Die Menschheit generiert und hortet riesige Datenmengen, doch die Herausforderung, dieses globale Wissen zuverlässig und langfristig zu speichern, bleibt bestehen. Wissenschaftler suchen seit Jahrzehnten nach Lösungen, die über die Lebensdauer herkömmlicher Speichermedien hinausgehen. Microsoft Research präsentiert nun mit dem Projekt ‘Silica’ eine vielversprechende Antwort auf diese drängende Frage. Eigenen Angaben zufolge hat das Team ein System entwickelt, das Daten für Jahrtausende bewahren könnte, indem es Lasertechnologie nutzt, um Informationen direkt in Glas zu konservieren. Diese Innovation verspricht, die Art und Weise, wie wir unser kulturelles und wissenschaftliches Erbe für zukünftige Generationen sichern, grundlegend zu verändern und eine neue Ära der Archivierung einzuleiten.
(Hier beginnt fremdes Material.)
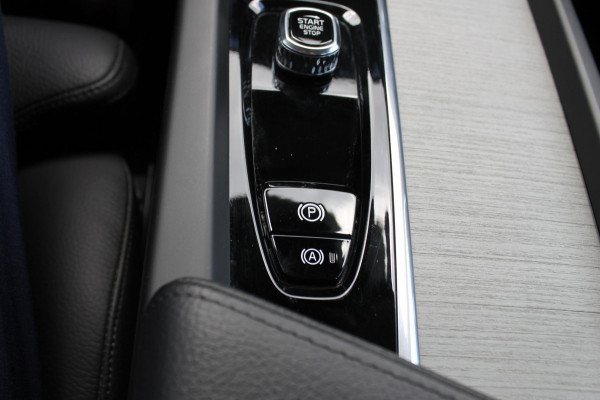 Volvo V60 B4 211PK Automaat Inscription Lederen bekleding / 18" lichtmetalen velgen / Apple Carplay / Adaptieve Cruise control / Stoelverwarming / Elektrisch bedienbare bestuurdersstoel met geheugen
Das Prinzip hinter Silica ist faszinierend einfach und technologisch anspruchsvoll zugleich. Daten werden zunächst in Bits umgewandelt und zu Symbolgruppen zusammengefasst. Anschließend kommt ein sogenannter Femtosekundenlaser zum Einsatz, der diese Daten als winzige, präzise Verformungen in ein dünnes Stück Quarz- oder Borosilikatglas einbrennt. Das verwendete Glas ist lediglich zwei Millimeter dick, doch die Ingenieure haben eine Methode entwickelt, die es erlaubt, verschiedene Schichten innerhalb dieser Dicke zu beschreiben, um die gesamte Kapazität optimal zu nutzen. Für das Auslesen der gespeicherten Informationen dient ein automatisiertes Mikroskop, das die winzigen Strukturen entschlüsseln kann. Diese Methode soll eine hohe Datendichte bei gleichzeitig extremer Beständigkeit gewährleisten.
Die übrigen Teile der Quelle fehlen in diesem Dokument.